We’ve played a lot of games, each having a unique identity of its own. There are action games, adventure games, strategy games – a lot of genres have evolved since the inception of gaming. But what happens when a game tries to combine the concept of two genres together? What happens to the child of the two parent genres? They live to be a monstrosity – either too good, or too bad, but nothing in between. Golem Gates is one such game.
The game has two main game modes – Singleplayer and Multiplayer. Singleplayer includes the Campaign mode, which tells the story about the Golem Gates, while Skirmish is a mode which allows playing versus the AI on maps with the basic principles of Golem Gates. Multiplayer includes matches versus other players on the maps. There also are certain Trials, which are basically pre-made scenarios where you have to win at all costs. Survival, the last game mode, basically means “hold out till the horde kills you”. Yup, the enemy is going to come in swarms to destroy your Harbinger – all you need to do is hold out as long as possible.

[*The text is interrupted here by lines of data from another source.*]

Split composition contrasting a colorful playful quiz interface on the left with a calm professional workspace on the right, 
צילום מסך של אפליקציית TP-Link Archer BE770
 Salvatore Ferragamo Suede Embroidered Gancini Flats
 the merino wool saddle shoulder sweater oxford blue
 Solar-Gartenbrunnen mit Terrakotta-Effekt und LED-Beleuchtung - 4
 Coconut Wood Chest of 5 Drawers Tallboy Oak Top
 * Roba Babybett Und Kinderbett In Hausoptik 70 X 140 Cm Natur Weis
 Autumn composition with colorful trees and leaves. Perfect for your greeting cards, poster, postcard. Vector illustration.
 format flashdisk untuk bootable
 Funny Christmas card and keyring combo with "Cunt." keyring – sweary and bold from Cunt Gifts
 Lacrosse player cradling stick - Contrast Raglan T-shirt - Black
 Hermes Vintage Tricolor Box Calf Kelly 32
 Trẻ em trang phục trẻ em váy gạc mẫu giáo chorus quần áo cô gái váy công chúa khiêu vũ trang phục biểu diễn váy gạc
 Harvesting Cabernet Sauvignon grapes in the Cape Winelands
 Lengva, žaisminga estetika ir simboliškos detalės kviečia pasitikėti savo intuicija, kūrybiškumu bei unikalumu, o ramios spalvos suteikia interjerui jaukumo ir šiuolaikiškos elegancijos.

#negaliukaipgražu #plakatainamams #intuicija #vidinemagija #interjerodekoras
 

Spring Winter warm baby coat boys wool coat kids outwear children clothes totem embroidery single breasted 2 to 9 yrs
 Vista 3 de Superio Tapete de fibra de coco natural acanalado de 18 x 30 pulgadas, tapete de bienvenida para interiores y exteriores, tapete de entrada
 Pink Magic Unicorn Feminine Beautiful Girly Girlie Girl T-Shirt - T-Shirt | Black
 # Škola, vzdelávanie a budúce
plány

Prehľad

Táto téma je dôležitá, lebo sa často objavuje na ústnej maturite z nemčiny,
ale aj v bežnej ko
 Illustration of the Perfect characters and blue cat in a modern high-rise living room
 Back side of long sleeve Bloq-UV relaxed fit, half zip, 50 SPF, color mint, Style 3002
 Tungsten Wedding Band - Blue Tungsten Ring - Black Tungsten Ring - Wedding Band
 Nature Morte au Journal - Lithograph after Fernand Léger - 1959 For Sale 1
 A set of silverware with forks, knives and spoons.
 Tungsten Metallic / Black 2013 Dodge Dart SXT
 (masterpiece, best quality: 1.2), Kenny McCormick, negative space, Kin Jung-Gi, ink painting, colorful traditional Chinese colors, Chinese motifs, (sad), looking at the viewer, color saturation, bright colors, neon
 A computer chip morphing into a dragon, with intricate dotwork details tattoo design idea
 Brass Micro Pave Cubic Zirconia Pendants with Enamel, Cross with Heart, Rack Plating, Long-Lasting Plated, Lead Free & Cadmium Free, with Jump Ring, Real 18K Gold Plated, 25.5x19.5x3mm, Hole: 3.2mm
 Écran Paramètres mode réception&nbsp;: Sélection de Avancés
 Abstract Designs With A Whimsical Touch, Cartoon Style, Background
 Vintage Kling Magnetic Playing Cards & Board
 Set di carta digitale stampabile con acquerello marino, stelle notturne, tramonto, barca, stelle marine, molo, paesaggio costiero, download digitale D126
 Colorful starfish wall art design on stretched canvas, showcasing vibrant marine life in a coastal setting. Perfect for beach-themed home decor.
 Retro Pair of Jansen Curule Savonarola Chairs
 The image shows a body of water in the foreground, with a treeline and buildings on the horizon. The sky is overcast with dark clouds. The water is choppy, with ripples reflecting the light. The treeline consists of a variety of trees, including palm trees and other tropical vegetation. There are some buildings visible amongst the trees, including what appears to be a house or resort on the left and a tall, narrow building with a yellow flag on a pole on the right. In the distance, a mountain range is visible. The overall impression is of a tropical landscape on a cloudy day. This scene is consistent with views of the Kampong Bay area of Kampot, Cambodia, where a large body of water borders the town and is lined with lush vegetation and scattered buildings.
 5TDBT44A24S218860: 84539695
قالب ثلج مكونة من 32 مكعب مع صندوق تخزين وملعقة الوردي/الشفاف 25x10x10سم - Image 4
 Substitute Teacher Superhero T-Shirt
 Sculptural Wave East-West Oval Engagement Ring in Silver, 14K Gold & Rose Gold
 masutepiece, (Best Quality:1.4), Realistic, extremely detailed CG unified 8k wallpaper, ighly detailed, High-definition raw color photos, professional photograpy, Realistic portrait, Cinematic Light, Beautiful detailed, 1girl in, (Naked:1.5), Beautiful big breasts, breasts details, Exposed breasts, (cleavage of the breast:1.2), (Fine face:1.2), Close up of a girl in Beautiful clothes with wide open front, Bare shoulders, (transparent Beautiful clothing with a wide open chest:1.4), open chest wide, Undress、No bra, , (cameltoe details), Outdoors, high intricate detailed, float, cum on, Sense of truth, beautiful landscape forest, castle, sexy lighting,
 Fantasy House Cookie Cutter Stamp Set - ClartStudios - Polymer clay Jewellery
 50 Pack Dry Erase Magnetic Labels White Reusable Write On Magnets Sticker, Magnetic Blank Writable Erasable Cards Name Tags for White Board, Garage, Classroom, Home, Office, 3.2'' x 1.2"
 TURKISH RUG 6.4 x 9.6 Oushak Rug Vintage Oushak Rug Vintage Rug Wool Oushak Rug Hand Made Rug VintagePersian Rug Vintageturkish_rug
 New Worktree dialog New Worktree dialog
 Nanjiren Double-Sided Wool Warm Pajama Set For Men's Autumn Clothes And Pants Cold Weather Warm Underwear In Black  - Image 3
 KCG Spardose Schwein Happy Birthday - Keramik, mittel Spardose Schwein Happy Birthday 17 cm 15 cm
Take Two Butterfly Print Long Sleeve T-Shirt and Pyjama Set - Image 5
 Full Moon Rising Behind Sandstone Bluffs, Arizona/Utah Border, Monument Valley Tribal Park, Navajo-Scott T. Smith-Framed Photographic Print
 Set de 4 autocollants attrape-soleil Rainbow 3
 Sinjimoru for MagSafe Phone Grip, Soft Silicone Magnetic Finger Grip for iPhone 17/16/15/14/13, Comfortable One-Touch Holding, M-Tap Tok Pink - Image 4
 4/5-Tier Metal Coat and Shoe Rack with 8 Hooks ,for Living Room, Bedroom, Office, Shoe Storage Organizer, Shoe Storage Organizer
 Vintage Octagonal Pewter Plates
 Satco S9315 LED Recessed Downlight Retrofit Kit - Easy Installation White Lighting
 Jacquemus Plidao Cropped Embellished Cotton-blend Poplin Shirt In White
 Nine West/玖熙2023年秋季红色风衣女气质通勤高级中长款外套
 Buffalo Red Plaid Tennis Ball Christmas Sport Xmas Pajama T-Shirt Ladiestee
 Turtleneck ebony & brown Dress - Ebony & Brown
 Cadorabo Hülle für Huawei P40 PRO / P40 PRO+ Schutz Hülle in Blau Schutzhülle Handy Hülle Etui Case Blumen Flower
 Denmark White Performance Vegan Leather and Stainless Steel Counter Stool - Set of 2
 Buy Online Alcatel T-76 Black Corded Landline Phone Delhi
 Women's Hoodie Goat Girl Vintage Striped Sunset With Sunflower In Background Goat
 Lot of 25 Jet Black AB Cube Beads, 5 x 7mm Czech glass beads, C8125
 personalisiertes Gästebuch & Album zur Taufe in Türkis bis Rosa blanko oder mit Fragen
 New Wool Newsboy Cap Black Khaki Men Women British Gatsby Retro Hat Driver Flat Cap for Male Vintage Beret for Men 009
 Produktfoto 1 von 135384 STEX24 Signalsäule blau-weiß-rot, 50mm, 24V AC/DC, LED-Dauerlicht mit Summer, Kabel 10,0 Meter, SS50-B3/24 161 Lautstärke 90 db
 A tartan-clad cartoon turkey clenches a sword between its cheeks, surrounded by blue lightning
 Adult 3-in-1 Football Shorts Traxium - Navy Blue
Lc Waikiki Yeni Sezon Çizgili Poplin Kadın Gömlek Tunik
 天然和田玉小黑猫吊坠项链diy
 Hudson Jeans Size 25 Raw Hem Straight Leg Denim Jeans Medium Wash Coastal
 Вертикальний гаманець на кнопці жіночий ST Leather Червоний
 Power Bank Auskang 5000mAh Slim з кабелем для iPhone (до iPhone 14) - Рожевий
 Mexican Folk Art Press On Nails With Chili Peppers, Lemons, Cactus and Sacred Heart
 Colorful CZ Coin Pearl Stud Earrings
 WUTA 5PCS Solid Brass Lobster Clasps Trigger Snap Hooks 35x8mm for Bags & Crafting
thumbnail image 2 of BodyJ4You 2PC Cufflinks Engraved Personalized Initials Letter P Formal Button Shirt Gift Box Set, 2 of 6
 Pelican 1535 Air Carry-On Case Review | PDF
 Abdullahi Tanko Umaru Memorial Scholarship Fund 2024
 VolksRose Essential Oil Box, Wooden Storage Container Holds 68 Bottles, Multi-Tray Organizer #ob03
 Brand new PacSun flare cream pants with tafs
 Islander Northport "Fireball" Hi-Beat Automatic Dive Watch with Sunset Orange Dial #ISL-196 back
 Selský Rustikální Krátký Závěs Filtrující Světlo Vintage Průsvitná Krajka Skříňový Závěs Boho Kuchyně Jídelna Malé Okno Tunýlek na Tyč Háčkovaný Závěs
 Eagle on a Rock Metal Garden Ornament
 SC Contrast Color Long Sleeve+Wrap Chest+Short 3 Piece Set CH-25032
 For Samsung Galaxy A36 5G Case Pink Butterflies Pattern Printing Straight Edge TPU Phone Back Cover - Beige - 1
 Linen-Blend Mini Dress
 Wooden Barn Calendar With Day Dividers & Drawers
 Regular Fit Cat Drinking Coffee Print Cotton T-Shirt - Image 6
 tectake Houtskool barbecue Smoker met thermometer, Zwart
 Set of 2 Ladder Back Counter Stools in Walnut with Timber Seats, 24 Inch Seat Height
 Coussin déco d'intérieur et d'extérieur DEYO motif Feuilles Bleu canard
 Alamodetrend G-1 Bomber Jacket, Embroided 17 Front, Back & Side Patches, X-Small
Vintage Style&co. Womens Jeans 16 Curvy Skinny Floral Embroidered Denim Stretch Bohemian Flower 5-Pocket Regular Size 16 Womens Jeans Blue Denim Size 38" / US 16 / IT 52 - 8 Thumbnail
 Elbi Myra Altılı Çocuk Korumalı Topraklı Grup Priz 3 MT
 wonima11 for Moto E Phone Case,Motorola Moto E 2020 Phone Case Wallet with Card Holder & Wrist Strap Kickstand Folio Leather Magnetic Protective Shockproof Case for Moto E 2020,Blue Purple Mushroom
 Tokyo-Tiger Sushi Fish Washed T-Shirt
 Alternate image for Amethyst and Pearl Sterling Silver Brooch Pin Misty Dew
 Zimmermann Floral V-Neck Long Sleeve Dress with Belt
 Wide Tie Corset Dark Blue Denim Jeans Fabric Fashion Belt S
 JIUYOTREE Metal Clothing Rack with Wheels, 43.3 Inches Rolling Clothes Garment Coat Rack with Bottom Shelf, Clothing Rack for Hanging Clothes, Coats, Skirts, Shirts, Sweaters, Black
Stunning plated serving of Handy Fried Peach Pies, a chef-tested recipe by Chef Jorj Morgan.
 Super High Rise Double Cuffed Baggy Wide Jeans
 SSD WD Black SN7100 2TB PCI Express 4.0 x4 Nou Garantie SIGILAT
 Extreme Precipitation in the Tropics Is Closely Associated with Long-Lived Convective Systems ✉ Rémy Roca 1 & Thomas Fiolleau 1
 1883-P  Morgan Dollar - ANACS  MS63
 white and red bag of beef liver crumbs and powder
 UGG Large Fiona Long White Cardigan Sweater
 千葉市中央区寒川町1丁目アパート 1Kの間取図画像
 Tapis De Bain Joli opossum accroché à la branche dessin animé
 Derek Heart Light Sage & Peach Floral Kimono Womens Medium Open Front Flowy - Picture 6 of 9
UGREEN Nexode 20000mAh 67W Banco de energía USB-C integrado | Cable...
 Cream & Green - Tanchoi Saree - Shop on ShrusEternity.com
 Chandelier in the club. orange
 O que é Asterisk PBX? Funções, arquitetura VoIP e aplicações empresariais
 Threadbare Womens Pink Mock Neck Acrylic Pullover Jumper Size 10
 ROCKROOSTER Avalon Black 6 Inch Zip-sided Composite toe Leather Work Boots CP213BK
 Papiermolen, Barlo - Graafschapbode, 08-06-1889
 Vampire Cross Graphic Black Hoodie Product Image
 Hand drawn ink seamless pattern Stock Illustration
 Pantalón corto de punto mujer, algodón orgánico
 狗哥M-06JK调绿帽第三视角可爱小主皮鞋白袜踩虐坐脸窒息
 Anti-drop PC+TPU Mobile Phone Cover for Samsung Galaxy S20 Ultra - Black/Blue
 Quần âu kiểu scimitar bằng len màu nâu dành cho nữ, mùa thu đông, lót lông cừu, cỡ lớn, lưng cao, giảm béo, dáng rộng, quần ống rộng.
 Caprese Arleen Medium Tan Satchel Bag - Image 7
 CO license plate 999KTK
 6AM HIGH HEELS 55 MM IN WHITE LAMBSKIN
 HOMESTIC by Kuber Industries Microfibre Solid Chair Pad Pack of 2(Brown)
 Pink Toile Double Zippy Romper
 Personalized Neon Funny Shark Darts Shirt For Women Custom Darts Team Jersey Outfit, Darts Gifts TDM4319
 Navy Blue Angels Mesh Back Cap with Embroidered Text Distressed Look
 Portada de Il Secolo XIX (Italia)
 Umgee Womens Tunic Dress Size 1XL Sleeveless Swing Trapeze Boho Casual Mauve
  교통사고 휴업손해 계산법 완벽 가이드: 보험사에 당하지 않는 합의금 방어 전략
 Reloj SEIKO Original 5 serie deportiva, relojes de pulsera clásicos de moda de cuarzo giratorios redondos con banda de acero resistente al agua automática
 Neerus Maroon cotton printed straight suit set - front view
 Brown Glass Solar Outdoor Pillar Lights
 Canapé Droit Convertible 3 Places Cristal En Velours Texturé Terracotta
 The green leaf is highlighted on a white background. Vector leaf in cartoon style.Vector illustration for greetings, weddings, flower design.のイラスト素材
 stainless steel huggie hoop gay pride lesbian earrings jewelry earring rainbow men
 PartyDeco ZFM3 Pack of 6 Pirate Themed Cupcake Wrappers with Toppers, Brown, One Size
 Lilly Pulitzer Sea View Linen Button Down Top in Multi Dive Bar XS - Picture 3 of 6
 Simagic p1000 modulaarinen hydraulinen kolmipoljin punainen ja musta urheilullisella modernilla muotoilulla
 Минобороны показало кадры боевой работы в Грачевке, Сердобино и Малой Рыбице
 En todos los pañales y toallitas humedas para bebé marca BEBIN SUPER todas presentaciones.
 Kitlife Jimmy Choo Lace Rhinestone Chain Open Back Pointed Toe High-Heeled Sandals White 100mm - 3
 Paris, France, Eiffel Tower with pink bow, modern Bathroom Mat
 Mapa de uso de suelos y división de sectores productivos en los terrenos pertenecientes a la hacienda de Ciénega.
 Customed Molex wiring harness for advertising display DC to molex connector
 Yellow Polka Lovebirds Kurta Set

The game blends mechanics from traditional card games, roguelikes, and infuses strategy elements in them to create a new game genre unlike no other. In the game, you summon creatures to fight for your Harbinger, a sort of Overlord for your army. You get a sort of ‘energy’, or ‘mana’, which you use to train your troops, construct defensive buildings, traps and use spells to turn the tide on your enemy. The game utilizes a card system for the summoning of troops, structures, traps or spells. There are several cards, called ‘glyphs’, which either summon some sort of unit, creates a structure or trap, or uses a spell to rain devastation on your foes. You start out with a starter deck of cards, with basic stuff to tide off beginner enemies in the campaign, or beginner AI in Skirmish games (don’t even think about going with that deck online). How to get new cards? You earn them through hard-earned victories. The campaign, Challenges, Skirmish – anything counts. Also, an important feature that I liked was the ability to get card drops while offline. All you need are a bit of hours in the game.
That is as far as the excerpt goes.